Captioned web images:
──────────

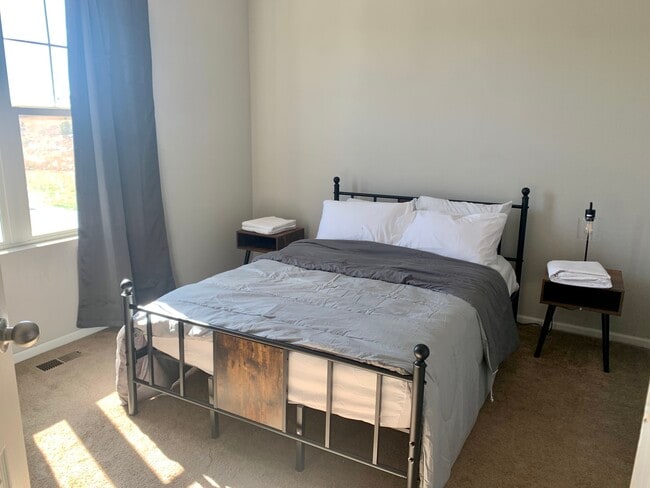 Bedroom for Rent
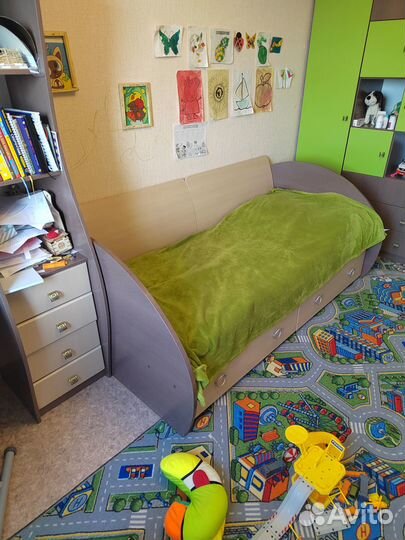 Детская кровать, шкаф и письменный стол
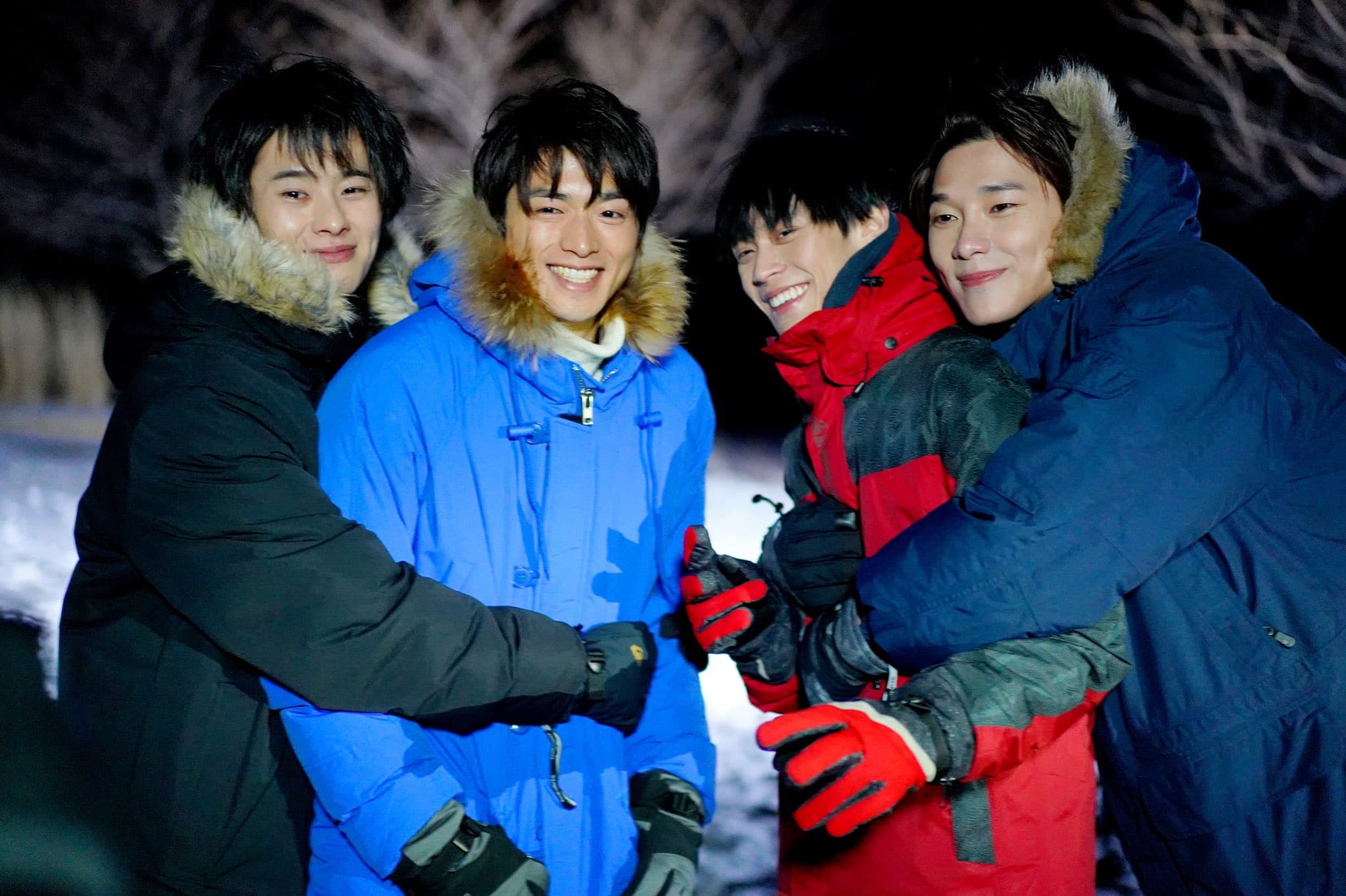 宋偉恩(右起)、黃雋智飛至日本仙台拍攝樂驅與白洲迅主演的《Life 線上的我們》。(翻攝自《Life 線上的我們》Twitter)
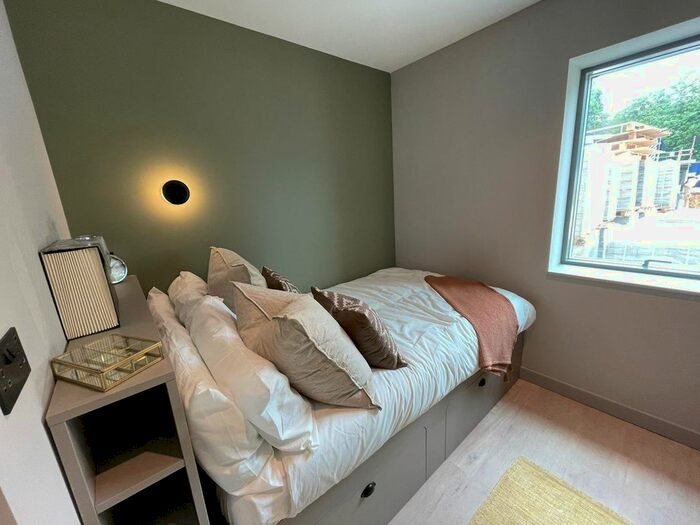 1 Bedroom Flat To Rent In Harvest Road, Englefield Green, Egham, Surrey, TW20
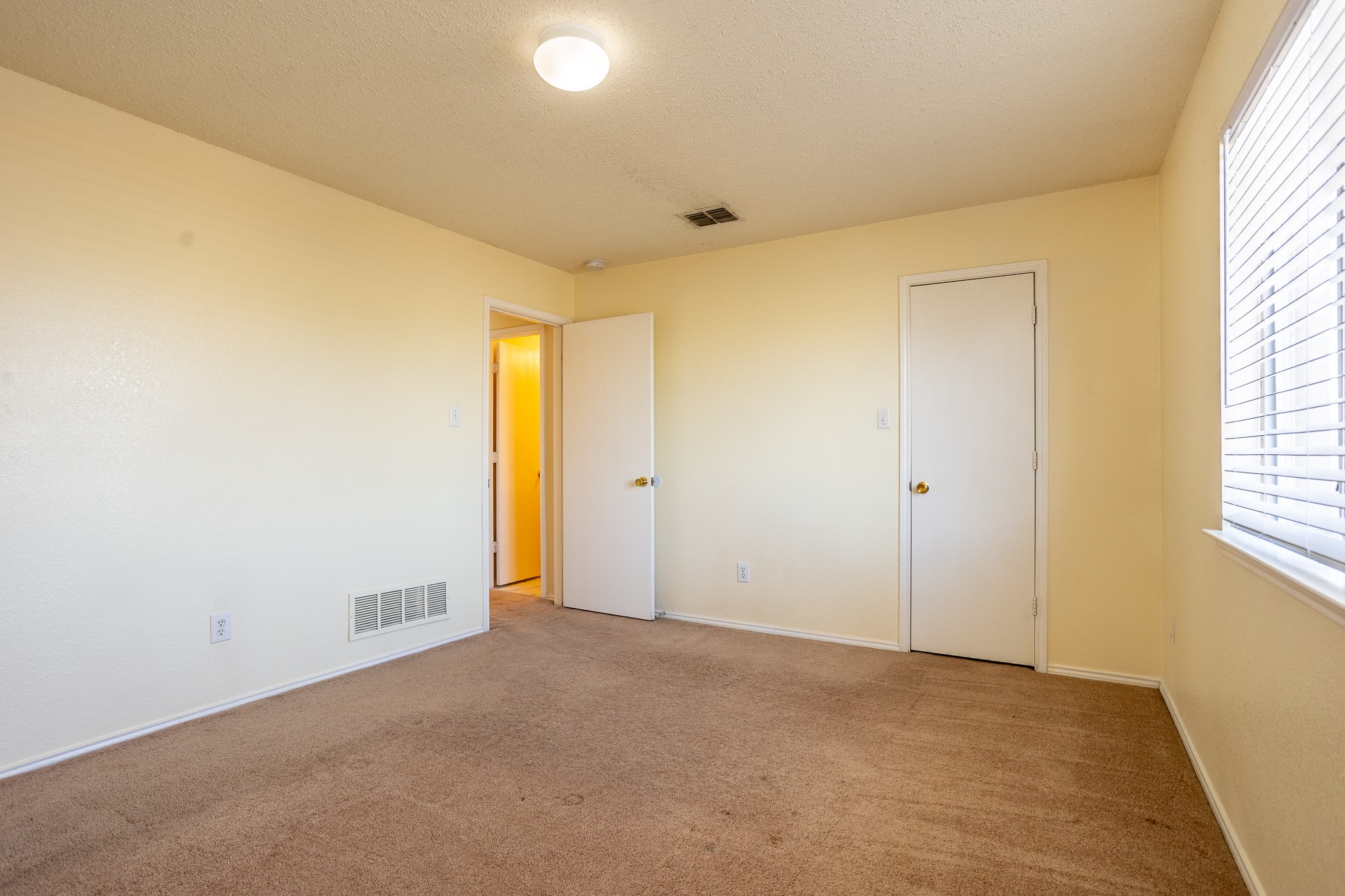 2415 Mallory Lane Lancaster TX 75134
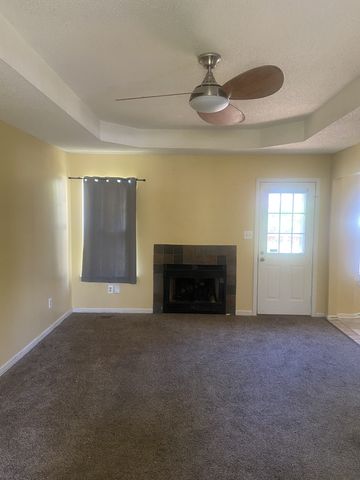 838 Turtle Creek Rd, Clarksville, TN 37043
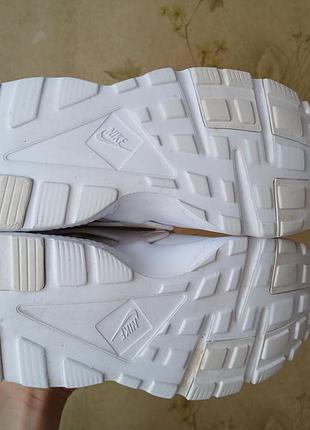 Кросівки підліткові nike huarache на стопу 23,5-24 см стан нових10 фото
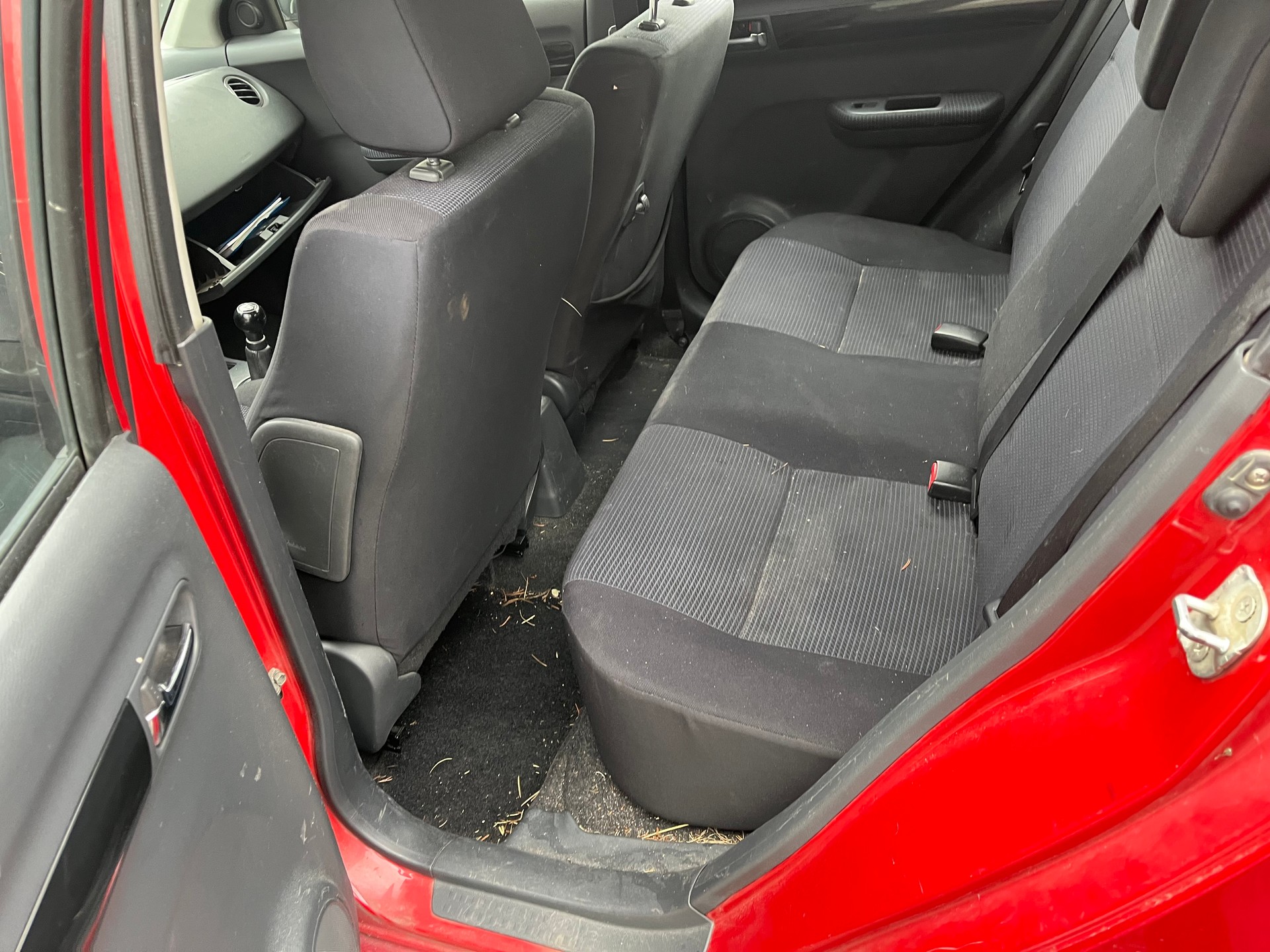 SUZUKI Swift 1.3i 16V GL 4x4-image-8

──────────

- _What you will do_: Above are the records. Copy exactly, and only, the lines from the line containing "Детская кровать, шкаф и письменный стол" through the last one, omitting any pictures.

- _Response area_:
 Детская кровать, шкаф и письменный стол
 宋偉恩(右起)、黃雋智飛至日本仙台拍攝樂驅與白洲迅主演的《Life 線上的我們》。(翻攝自《Life 線上的我們》Twitter)
 1 Bedroom Flat To Rent In Harvest Road, Englefield Green, Egham, Surrey, TW20
 2415 Mallory Lane Lancaster TX 75134
 838 Turtle Creek Rd, Clarksville, TN 37043
 Кросівки підліткові nike huarache на стопу 23,5-24 см стан нових10 фото
 SUZUKI Swift 1.3i 16V GL 4x4-image-8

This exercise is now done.